'Annie's Law' means tougher penalties for drunk drivers in Ohio

'Annie's Law' means tougher penalties for drunk drivers in Ohio

CLEVELAND, OH (WOIO) - Drunk drivers in Ohio will face tougher penalties starting Tuesday under Annie's Law.

The new law cracks down on repeat offenders and increases the punishment for first time offenders.

The law is named after 36-year-old Annie Rooney, who was killed by a drunk driver in Chillicothe nearly four years ago. The driver's blood alcohol level more than twice the legal limit.

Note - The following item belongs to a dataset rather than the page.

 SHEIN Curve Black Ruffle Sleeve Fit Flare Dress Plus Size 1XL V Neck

Annie's family has been fighting for tougher penalties and they hope this law will keep other families from feeling their pain. Her family started pushing the state legislature for tougher drunk driving laws just weeks after she died. Annie had been an attorney, even prosecuting OVI offenders herself.

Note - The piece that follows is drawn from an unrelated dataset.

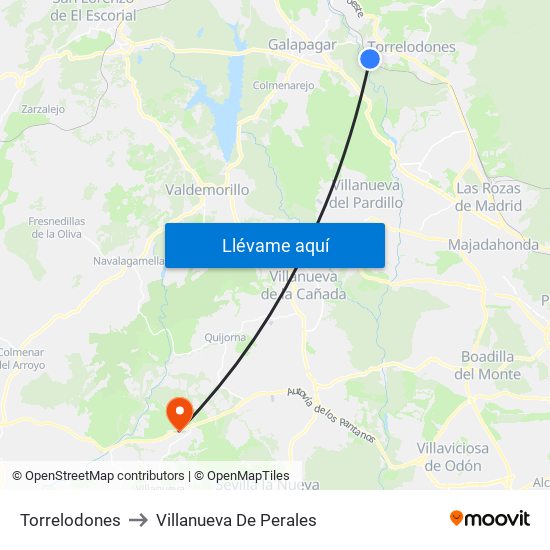 Torrelodones to Villanueva De Perales map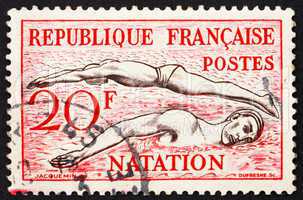 Postage stamp France 1953 Swimming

Her dad Rick spoke out before this law was passed in her name.

"All the grief and agony that we experience almost every day in Ohio could end if we pass this and then Ohio would be an even greater state," Rick Rooney said.

Annie's Law increases mandatory minimum driver's license suspensions for OVI offenders. For first time offenders, their license can now be suspended for one year, instead of six months. But under the new law, they can request to use an interlock device, which allows them full driving privileges.

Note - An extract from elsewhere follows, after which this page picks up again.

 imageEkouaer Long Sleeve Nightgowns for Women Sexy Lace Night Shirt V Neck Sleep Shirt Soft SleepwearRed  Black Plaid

Their car won't start if they have a BAC above the legal limit.

The law also has harsher punishments for repeat OVI offenders. It allows judges to look at 10 years of driving records instead of just six years during sentencing.

Annie's family believes this law could save 50 to 100 lives a year.

Mothers Against Drunk Driving reports states with the strongest ignition interlock laws, like West Virginia, have seen reductions in drunk driving deaths by 50 percent.